Eric English
March 10, 2015

When considering how to debut a fresh new look for Mustang Monthly, it was a given that our cover feature should be a car of significant stature. As they say, timing is everything, and it just so happens that we had recently scored a feature on Mark Hovander’s freshly restored 1965 G.T. 350, SFM5S003. A match made in heaven? We think so, as Hovander’s Shelby just happens to be the first G.T. 350 ever built. That’s right, out of the 13,000-plus Shelby Mustangs built between 1965 and 1970, this one is the very first.

A quick primer on early Shelby history is no doubt in order. In the fall of 1964, after several Mustang hardtops and fastbacks had been the subject of various mechanical and styling exercises at Shelby American, three sequentially numbered 1965 K-code fastbacks arrived from the San Jose assembly plant to be constructed as the first production G.T. 350s. Two would be built as R-models, while the third would be built in street configuration. SFM5S003 is that very street car, finished in advance of either R-model, and ushered off upon completion for a wide variety of promotional endeavors. Often called the Street Prototype, 003 was pictured in early Shelby American advertising, and even modeled for a Goodyear advertisement for their new Blue Dot tire—the OE rubber designed specifically for the new G.T. 350. Shelby made the most of this one car for promotional purposes, evidenced by fitting the driver side with the base Kelsey Hayes painted steel wheels, and the passenger side with the optional Shelby Cragars. Depending on the vibe the photographer was seeking, 003 could look the part of a sharp street machine with its unique “mag” wheels, or with more competitive toughness if viewed from the side with the steel wheels. Either way, the wheels measured 15 inches in diameter, which was considered large at the time.
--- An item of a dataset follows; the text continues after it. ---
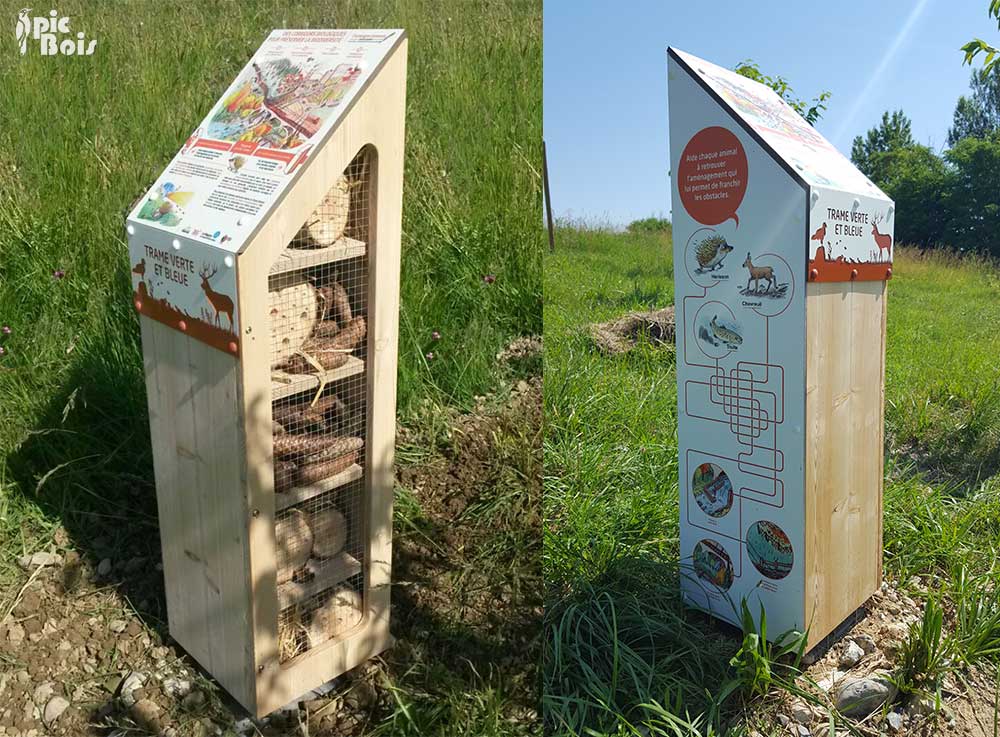 Signalétique touristique - PIC BOIS - Plaque thématique biodiversité "Trame Verte et Bleue" - Fabrication PIC BOIS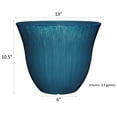 thumbnail image 4 of Classic Home and Garden Indoor/Outdoor Round Honeysuckle Resin Flower Pot Planter, Ocean Blue, 13", 4 of 4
In those early days at Shelby American, proper G.T. 350 ID tags had yet to be created, and the three fastbacks were hand marked as 001, 002, and 003 at the base of the cowl panel. In a rather odd and confusing twist, the Street Prototype was initially marked in this manner as 001, and it wasn’t until it was readied for sale six months later, that the official ID tag bearing 5S003 was affixed to the inner fender apron. It is believed that the two R-models were officially tagged at this same time, those numbers being 5R001 and 5R002. From that point forward, the numbers were officially locked in. Interestingly, a memo from G.T. 350 Project Engineer Chuck Cantwell, dated May 20, 1965, identified several items that the Street Prototype would need prior to public sale, including specific wording that the car would be fitted with an official tag bearing number 003.

Owner history of the Street Prototype is well known, thanks in part to the exacting record keeping of the Shelby American Automobile Club. It was first sold to Bill Moir through Leslie Motors in Monterey, California, and changed hands several times before Don Day bought it in 1980. Day converted 003 to R-model specs, and became the first of three consecutive owners to enjoy racing it in vintage road race competition. Doug Richmond turned out to be the last guy to go fender to fender in the Street Prototype, finally thinking better of it in the late ’90s due to 003s significant status as the first Shelby Mustang.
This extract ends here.